SPOKANE The trial of three former Missoula, Mont., environmental activists accused of spiking trees in Idaho offers a chance to tell their side of the story, a lawyer said Monday.
The Post Office Creek timber sale in March 1989 was ''the kind of sale that John and the others felt should not occur,'' attorney Robert Chastain said of his client, John P. Blount.
Blount, 32, of Masonville, Colo., and Jeffrey C. Fairchild, 27, Ashland, Wis., each are charged with two counts of tree spiking, two counts of destruction of federal property and two counts of conspiracy.
A third defendant, Daniel A. LaCrosse, 36, Salem, N.H., is charged with conspiracy to spike trees and conspiracy to destroy government property.
U.S. District Judge Justin Quackenbush told the jury the trial would last a week.
Blount, known in the Missoula environmental community as ''Spicer,'' won't deny spiking trees in the Clearwater National Forest near Powell, Idaho, to try to stop the planned helicopter logging operation, Chastain said.
Blount will admit buying spikes and paint and making one of two trips to the logging sale site the government contends he and others made to spike trees, Chastain said.
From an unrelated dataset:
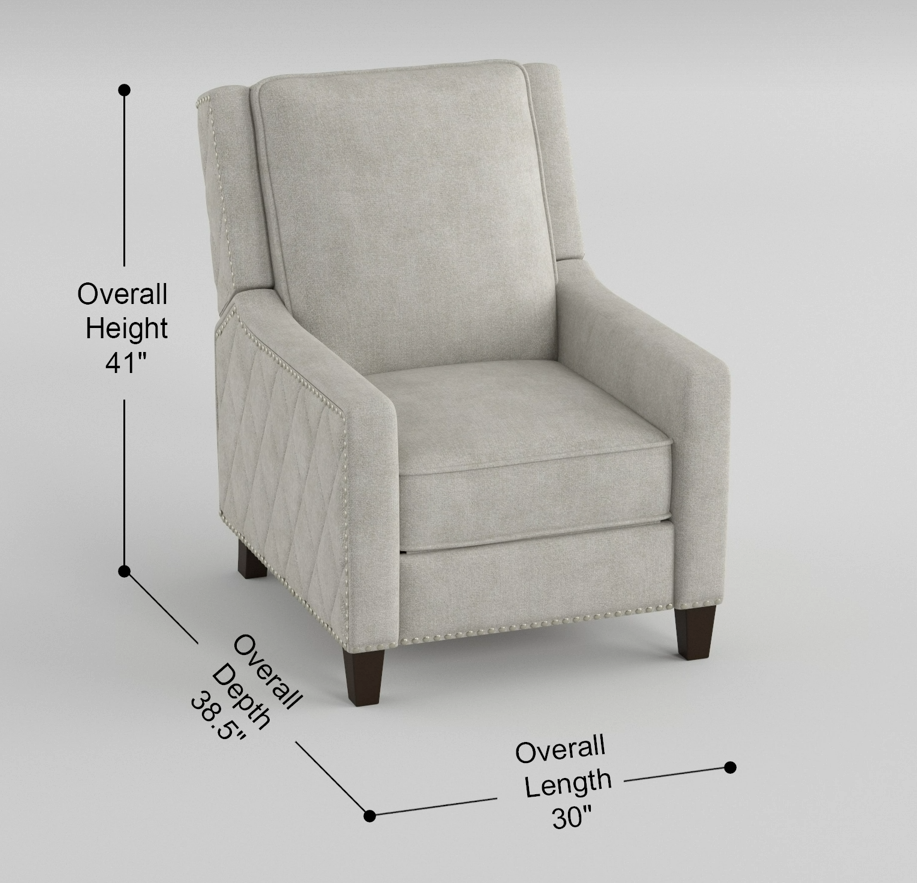 Beige upholstered recliner chair with diamond tufted arms and nailhead trim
But his mission was to try to save the old growth trees in a pristine part of the national forest, his attorney said.
''There was no intent to hurt anybody,'' Chastain said. ''He wanted those trees to continue growing.''
Attorneys for Fairchild and LaCrosse did not make opening statements.
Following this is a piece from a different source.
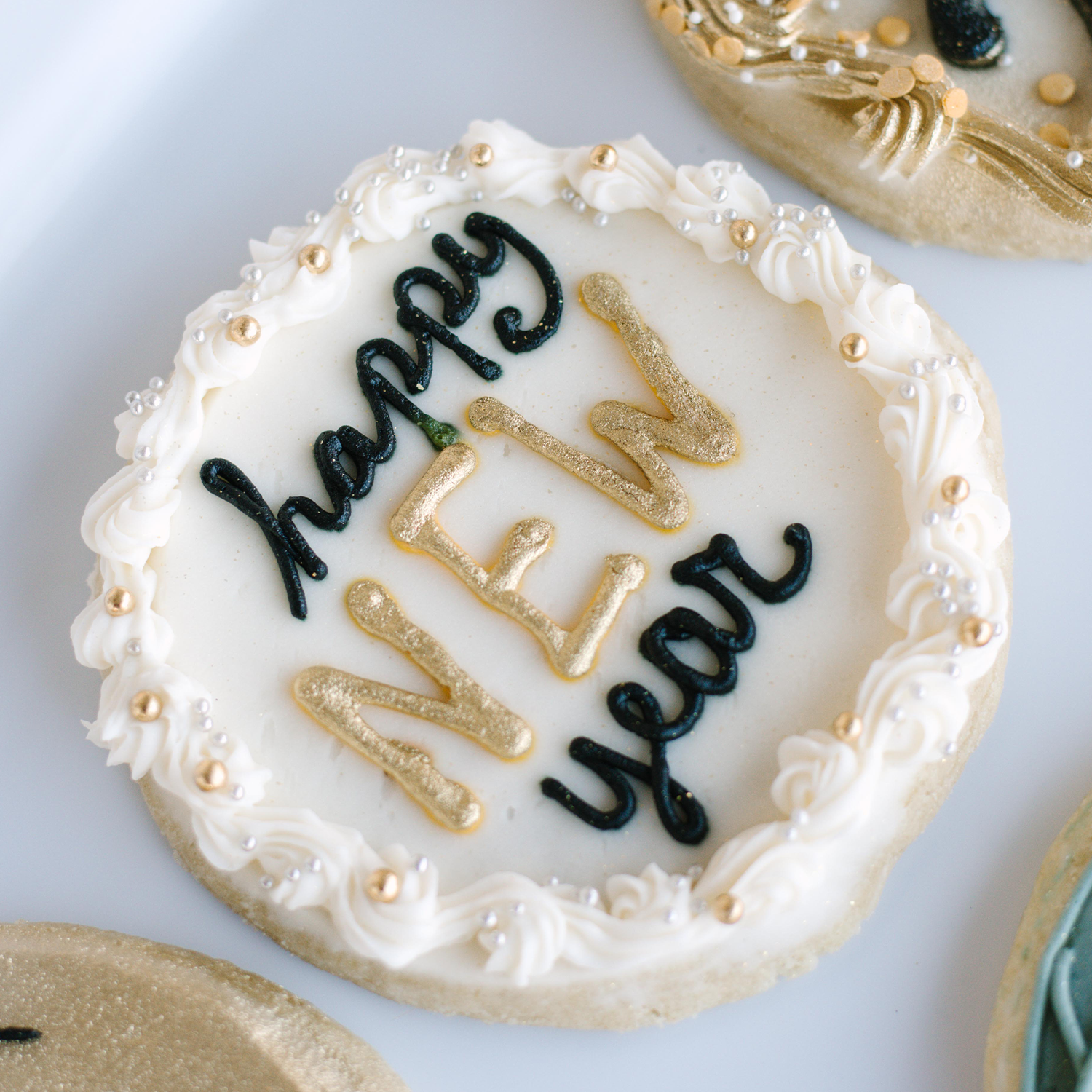 Assorted New Years Decorated 4" Cookies • Sunflower House Cookies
The government's first witness, Tracy Stone-Manning, testified that she was shocked to read a letter given to her by Blount on the steps of the University of Montana's Rankin Hall environmental studies building in April 1989.
''I hadn't known this had happened,'' said Stone-Manning, who was an environmental studies graduate student and now heads the Five Valleys Land Trust. ''It was news to me.''
She said she retyped the letter correcting spelling errors and deleting some profanity then sent it to the Forest Service, as Blount had requested.
A Forest Service supervisor at Orofino received a letter in April 1989 warning that 500 pounds of bridge spikes had been driven into trees to prevent loggers or sawmills from cutting them.
Blount, Stone-Manning and others lived for varying periods of time at a residence called Sherwood House, where they became involved in protests against environmental and forest policies in an activist group called Earth First, she said.
Stone-Manning was granted immunity from prosecution for her testimony after coming forward last year after Blount was arrested in Colorado in a domestic dispute with a former girlfriend, Guenevere Lilburn, who also will testify, assistant U.S. attorney George Breitsameter said.
Two others who participated in the spiking raids have pleaded guilty to lesser charges and agreed to testify.
Arvid E. Hartley and Neil K. McLain pleaded guilty to misdemeanor charges June 3 of spiking trees with the intent to hinder a timber sale.
They are scheduled to be sentenced Aug. 5 in Missoula, Mont.